The U.S. defined its interests in the DRC as the upholding of regional stability, and the prevention of the resurgence of genocide and mass killings in Central Africa. In testimony before the House Subcommittee on Africa of the International Relations Committee on February 15, Richard Holbrooke, the U.S. ambassador to the U.N., narrowly equated the prevention of genocide with the neutralization of the former Rwandan Army (ex-FAR) and Interahamwe militia, who were implicated in the 1994 Rwandan genocide and remained at large in eastern Congo. A more objective reading of the situation in the region, by Ambassador-at-Large for War Crimes Issues David Scheffer, later identified other actors involved in perpetrating war crimes there. Scheffer led a government team on an August 24-27 trip to Kinshasa, Kisangani, Goma, and Butembo in eastern Congo to investigate allegations of such crimes. According to an August 29 Department of State statement, Scheffer's team collected information that pointed to violations of international humanitarian law by armed groups supplied by the RCD government, Congolese rebel movements, and the armies of the Rwandan and Ugandan governments. Such strong findings put to a real test the U.S. rhetorical commitment to justice for victims of rampant violence in the Congo and its stated determination to take concrete steps to end the culture of impunity prevailing in the region. Secretary Albright gave an eloquent example of such pledges when she vowed before the Security Council during the "Month of Africa" on January 24 "[t]here is no rationale of past grievance, political allegiance or ethnic difference that excuses murder, torture, rape or other abuse. Here, today, together, we must vow to halt these crimes and to bring those who commit them to justice under due process of law." Months later, there was little progress to this end in the Congo.
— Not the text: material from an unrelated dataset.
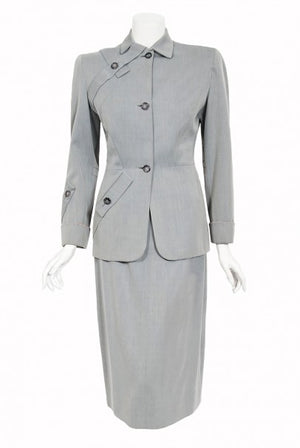 1940's Gilbert Adrian Light Blue Gabardine Asymmetric Noir Jacket Suit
The U.S. maintained a modest level of economic assistance to the DRC in FY 2000: U.S. $10 million in development aid through NGOs; $13 million in humanitarian assistance; $15 million in food aid; and $3 million under the Great Lakes Justice Initiative. The U.S. contributed an additional $1 million for the Joint Military Commission, and reserved an additional $1 million for the Inter-Congolese Dialogue. Although it would commit no troops to MONUC, the U.S. government made significant financial contributions to the mission, totaling an estimated 25 percent of the total U.N. cost of $164 million in FY 2000, and an estimated 25 percent of the mission's budget for FY 2001 which stood at $378 million at this writing.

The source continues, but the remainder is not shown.